While many parts of the state experienced the all-time driest year in the 1920s, the North Coast’s previous driest rain year on record was July 1976 to June 1977. During that year, Crescent City provided free, public water from a hydrant in Beachfront Park for months to help dozens of people in Fort Dick and Smith River whose private wells had ran dry.
“It was available for anyone that needed to get water,” said Mike Young, who was Crescent City’s city manager at that time. The city turned off the fountain at Tsunami Landing and limited irrigation.
“If you were hooked up to city water you really didn’t have a problem, but we made every effort to conserve, as an example if nothing else,” Young said.
Alexandre said that farming organically for the last 15 years has actually buffered the impact of the drought.
“The soils tend to build up in terms of organic matter and require less water; there’s more of a sponge-like effect,” he said.
Like this winter, during the ’76-’77 drought there was a hovering ridge of high pressure that steered main storms over and around the North Coast, dumping snow on the Rockies, according to Nancy Dean, meteorologist in charge at the National Weather Service office in Eureka.

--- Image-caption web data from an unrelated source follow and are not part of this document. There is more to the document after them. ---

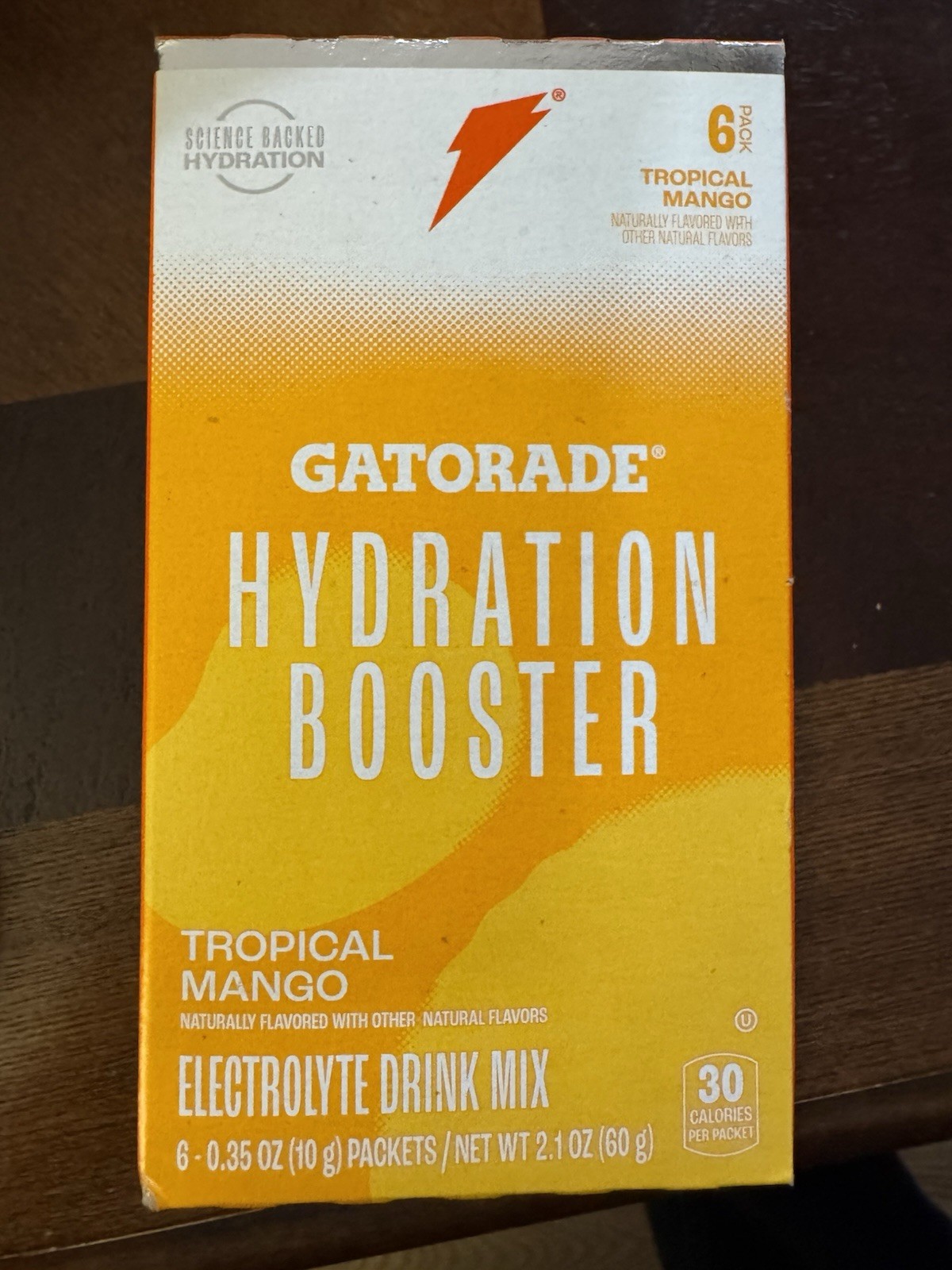 Gatorade Hydration Booster Tropical Mango Electrolyte Drink Mix, 6 Packets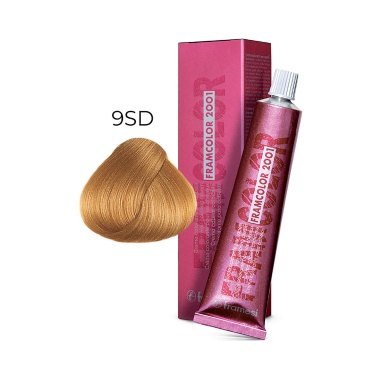 Framesi Крем-краска для волос Framcolor 2001, 9SD очень светло-золотистый, 60 мл купить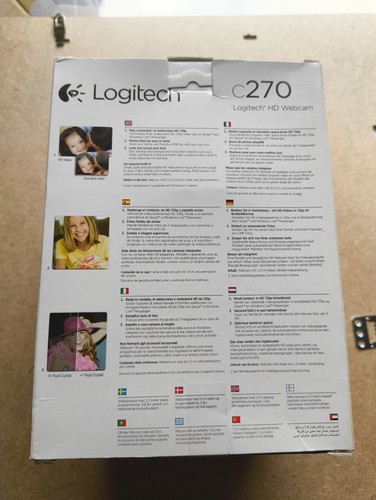 Logitech c270 720p webcam usb - webcam,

This year is shaping up to be even drier.
“The worst part of our December is that we didn’t even get an inch,” Dean said, adding that Crescent City’s December rain is typically closer to 12-14 inches.
Much of the state has been designated as being in “extreme” drought conditions, but Del Norte, Humboldt, and Trinity counties’ drought has only been designated as “severe.”
Del Norte’s closest ski areas, Mount Ashland Ski Area and Mount Shasta Ski Park, have been unable to open due to lack of snow. Mt. Ashland replaced its 50 year anniversary party planned for last Saturday with a “Pray for Snow Party.”
The drought doesn’t bode well for California’s notorious wildfire season, either.
Previous super-dry years led to catastrophic wildfire seasons in California in 2003 and 2007, said Tom Scott, a natural resources specialist with the University of California system. Fire crews beat back a wildfire northeast of Los Angeles earlier this week, but it was a stark reminder of the dry and dangerous conditions.
“People say that the fire season is starting early, but I guess you could say it never ended,” Scott said. “If you live in the backcountry, come July you probably should be thinking about putting your valuables in storage.”
The Associated Press contributed to this report.